Whistler and Ottawa are far apart but they will be a little bit closer after a collection of 20 paintings and prints by West Coast artist Toni Onley arrives in the capital city next month.

The shipment, which includes a 1982 silkscreen print of Overlord Mountain in Garibaldi Park, has been donated by the executor of the artist’s estate to the Canadiana Fund, a federal government body that places art in seven official residences of the prime minister, governor general and opposition leader.

Onley died two years when his single engine plane plunged into the Fraser River. The well-respected artist was known for his watercolour renditions of B.C.’s rugged coast scenes that he captured by painting on site at remote ice fields, inlets, and harbours.

The 20 paintings, valued from $3,000 to $85,000 are the largest donation of B.C. works to be received by the fund. National Capital Commission staff will examine the works — including a 1.5X1.3 metre oil of Kennedy Lake near Tofino and a 1.8X2.4 metre Arctic scene — before deciding in which residences to place the paintings. Spokesperson Katherine Keyes says staff will take into consideration the size and décor of potential rooms, as well as the wishes of the occupants. “We do rotate the art work so it’s very likely that one will end up in 24 Sussex Drive given just the sheer number of them,” Keyes said.

Last summer the Art Gallery of Greater Victoria held a retrospective of Onley’s work.

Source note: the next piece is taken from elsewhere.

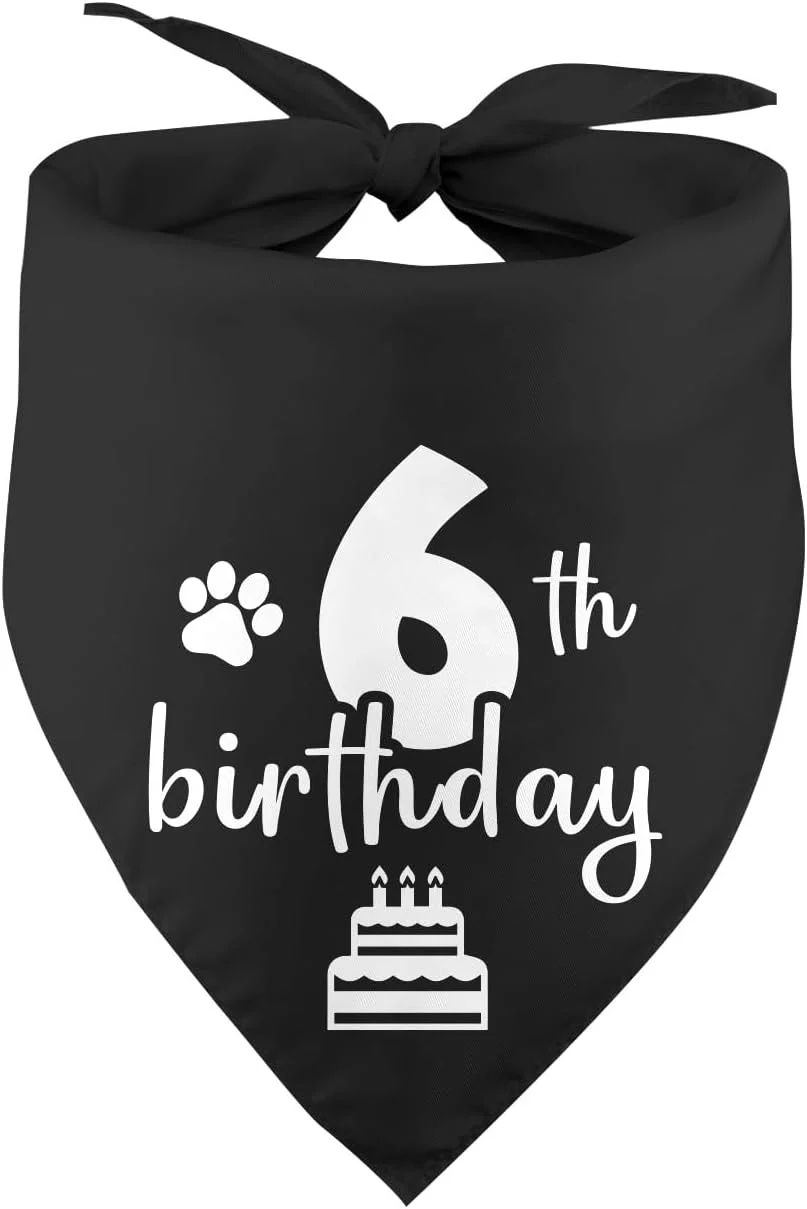 دستمال گردن تولد سگ، دستمال گردن تولد ۶ سالگی توله سگ، دستمال گردن تولد ۶ سالگی سگ، پسر/دختر، وسایل عکس تولد سگ، روسری حیوانات خانگی، لوازم جانبی حیوانات خانگی برای دوستداران سگ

Curator Lisa Baldissera says Onley’s gift was a confluence of his early training in 19 th -century British watercolours with abstract and expressionism. She also compares Onley’s eye for landscape to Emily Carr’s.

“It’s important that someone who knows it well (the land) paints it and you can see the difference in Emily Carr and in Toni Onley because they’ve lived in this space and that knowledge of the landscape I think comes through very clearly in both their works,” Baldissera said.

Dennis Robinson is the executor for Onley’s estate. He says Onley would be “tickled pink” to find his work in Rideau Hall where he received the Order of Canada in 1998.

“Toni’s not just a western painter — he’s known as a Canadian painter really, but obviously his forte was British Columbia and it is still quite a coup to have what is considered to be Western Canadian art hanging in the official residences,” Robinson said.